In 2008, then Lander nursing major Meghan Diane Hawley of Orangeburg was diagnosed with cancer and would have to undergo treatment. As medical expenses began to mount, Hawley's classmates and faculty members at Lander rallied to her aid, raising thousands of dollars and even supplying her with a hospital survival kit filled with snacks, drinks and other essentials for recovery.
"The support Meghan received while at Lander was tremendous. From students to faculty and staff, there was a tremendous outpouring of love and devotion to Meghan throughout her illness," said Jeff Hawley, Meghan's father.
Despite her illness, Meghan Hawley returned to Lander and the Hawleys knew they could count on the support of the nursing faculty.
"I always knew that I could call and ask questions about her return and receive compassion and understanding in response," said Meghan's mother, Lita Hawley. "The staff never made concessions for Meghan, and yet they understood and had great compassion for her. Meghan would not have wanted to be treated differently."
Meghan graduated from Lander in December of 2009, receiving the Department of Nursing's Professional Development Award. By then her cancer had gone into remission. She went on to work as a cardiac care nurse at Providence Hospital in Columbia.
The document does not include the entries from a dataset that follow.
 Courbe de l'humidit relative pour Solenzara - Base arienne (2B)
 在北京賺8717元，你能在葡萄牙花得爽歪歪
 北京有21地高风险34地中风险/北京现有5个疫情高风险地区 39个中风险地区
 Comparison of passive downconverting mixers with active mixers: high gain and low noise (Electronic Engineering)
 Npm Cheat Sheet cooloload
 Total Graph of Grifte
According to her father, Meghan often talked about her time at Lander. "Meghan loved attending Lander and especially the nursing program," he said. "She talked about how the program prepared her for the team environment required in the nursing profession."
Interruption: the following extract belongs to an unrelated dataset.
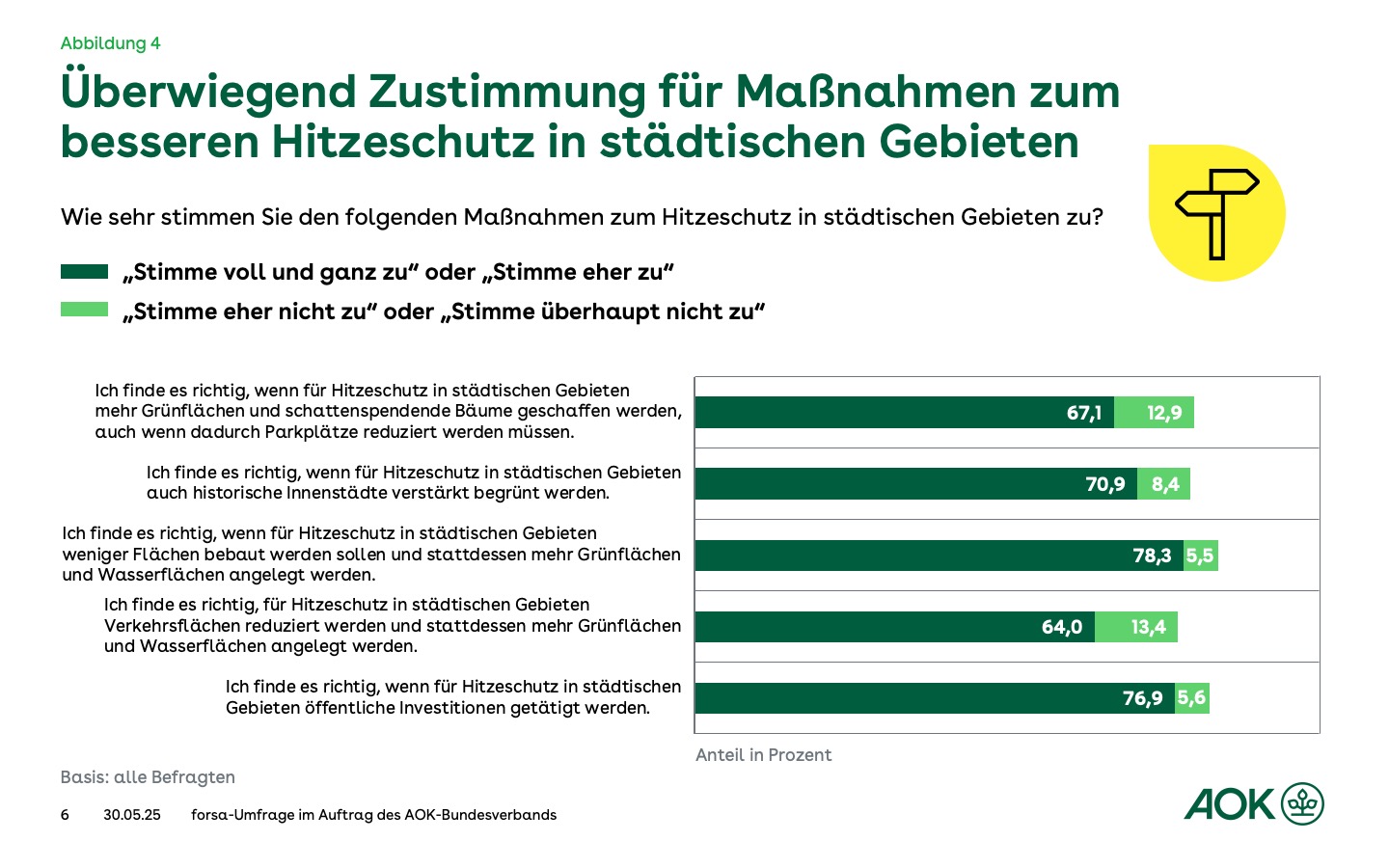 Grafik Balkendiagramm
Meghan's fellow graduates and the university's nursing faculty continued to think of her as well. And when her cancer returned, so did the support from the university community. "The faculty at one point, asked if they could come visit Meghan," said Jeff Hawley. "When she knew that the battle with cancer would soon be over, many former classmates reached out to her with visits and calls."
Meghan died in November 2010. But before she passed, she returned the generosity and support she had received from the university community by making Lander one of the beneficiaries of her insurance policy. This money was contributed by Meghan and her family to form the Meghan Diane Hawley Memorial Scholarship.
"It was Meghan’s decision to establish this scholarship," said Jeff Hawley. "Meghan wanted to be able to help people who might face a similar situation someday, and who, because of a health problem, lost a scholarship and could not return to school as rapidly because of financial reasons as they recovered from their illness."
Meghan's act of generosity spurred a fervor of support from her friends, family, nursing colleagues and Lander alumni, faculty and staff, resulting in almost doubling the scholarship fund she established with her insurance policy. Including Meghan's contribution and the overwhelming amount of individual donations, the fund has now exceeded $25,000.
According to Ralph Patterson, Lander's vice president for University Advancement, Meghan's contribution is an amazing tribute to Lander and the university's nursing program.
"For Meghan to have Lander in her heart during such a difficult time in her life can never be forgotten, and now it never will be," he said "And it’s a tremendous validation of our outstanding nursing program."
Patterson added, "Meghan's gift says a lot about the quality of the education that our students are receiving, but also speaks to the caliber of our students. Meghan understood the value of giving back at a young age, and it meant that she had a strong affection for her faculty and classmates at Lander, but also that she had been raised by her parents in a special way that enabled her to have a vision to help Lander and future students."
Bernice Daugherty, chair of Lander's Nursing Department, said, "Meghan was very compassionate, her fellow students loved her and her clinical skills were excellent. We refer to her as a bright light, and down through the years Meghan's light will continue to shine because of this scholarship."